In their mad rush to push through regressive laws, conservative politicians have fast-tracked more than 40 restrictions on reproductive health care in state houses this year. But they don’t go unopposed.
Texas struggle opens up new avenues
Events in the Texas Capitol are inspiring women around the country who are fighting for reproductive justice and challenging right-wing attacks. Women activists in Austin showed that a strong struggle, which defies reactionary forces can push them back, even if temporarily.
Women are angry and their fightback is growing. Protests in Austin; Columbus, Ohio; Raleigh, N.C.; Madison, Wis., and other state capitals against these bad laws bode well for future organizing. They matter and they help to grow and strengthen the movement.
Although some fights are taking place within legislative forums, as in Texas, the strong actions show the willingness of women activists to put their bodies on the line and defy the right wing.

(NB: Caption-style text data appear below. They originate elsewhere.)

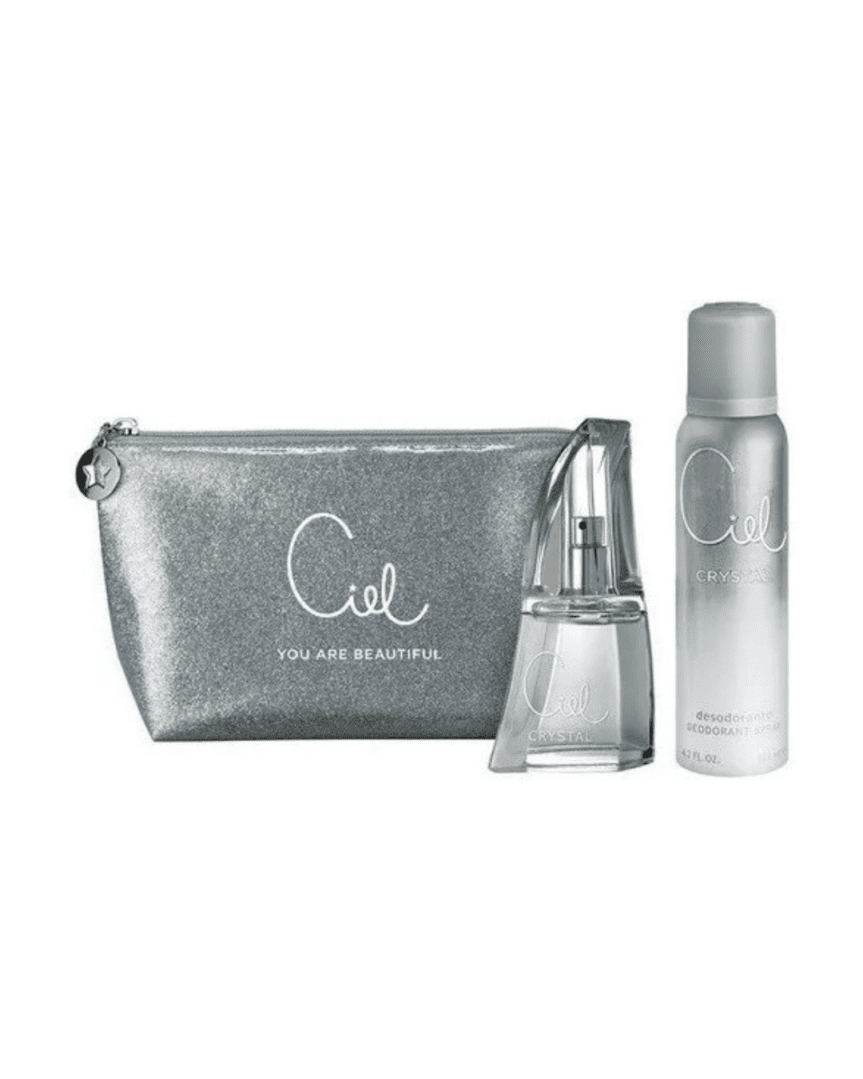 Ciel crystal necessaire edp 50 + desodorante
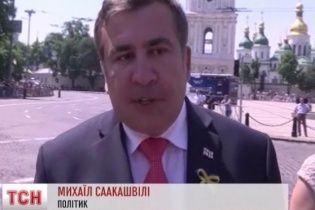 Саакашвили признался, что собирается помогать Порошенко с реформами и советует не прекращать АТО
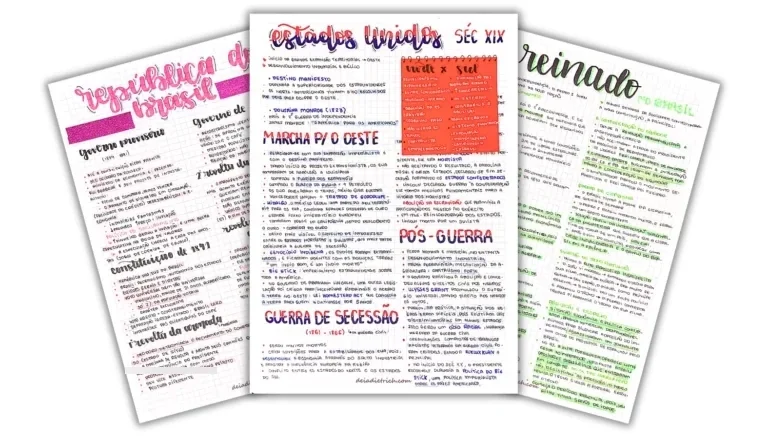 Pacote Com +400 Resumos Para O Enem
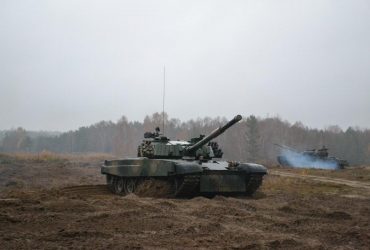 Польща передала Україні танки РТ-91 Twardy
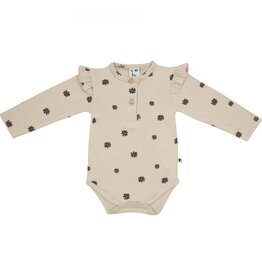 Klein Body Ruffle AOP Flower AW25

Davis’ daring action also revived the filibuster as a progressive tool, not one hijacked by rightists.
The Austin protests also had national significance in that they raise the issues of strategy and tactics in dealing with the rabid right wing.
Pro-choice forces in the Texas Legislature were accused of “using the tactics of Occupy Wall Street.” Their response should be, “Why not?” Reactionaries violate their own laws and procedures to aggressively ram through regressive laws, circumvent opposition and public outcries. Why shouldn’t women activists sit in capitol buildings, as workers and students did in Madison, Wis., in 2011 to protest government attacks on union rights?
The Austin struggle is reverberating and empowering women activists around the country. They are strategizing on ways to challenge the right wing. One tactic could be to occupy state legislatures or other venues. The current situation calls for new, creative, challenging and militant tactics to fight back.
The attacks on women’s rights are coming down while the ruling class is frontally assaulting the rights and gains won, many of them decades ago, by the working class, immigrants, and members of African-American and Latino/a communities via mass movements.
The war on women should be seen in this context. Women are fighting back and can also broaden the movement, building solidarity with our class brothers and sisters by supporting their struggles against racism and for economic and social justice.
Together, we can push back the forces of the right.
Gloria Rubac, reporting from Houston, contributed to this article.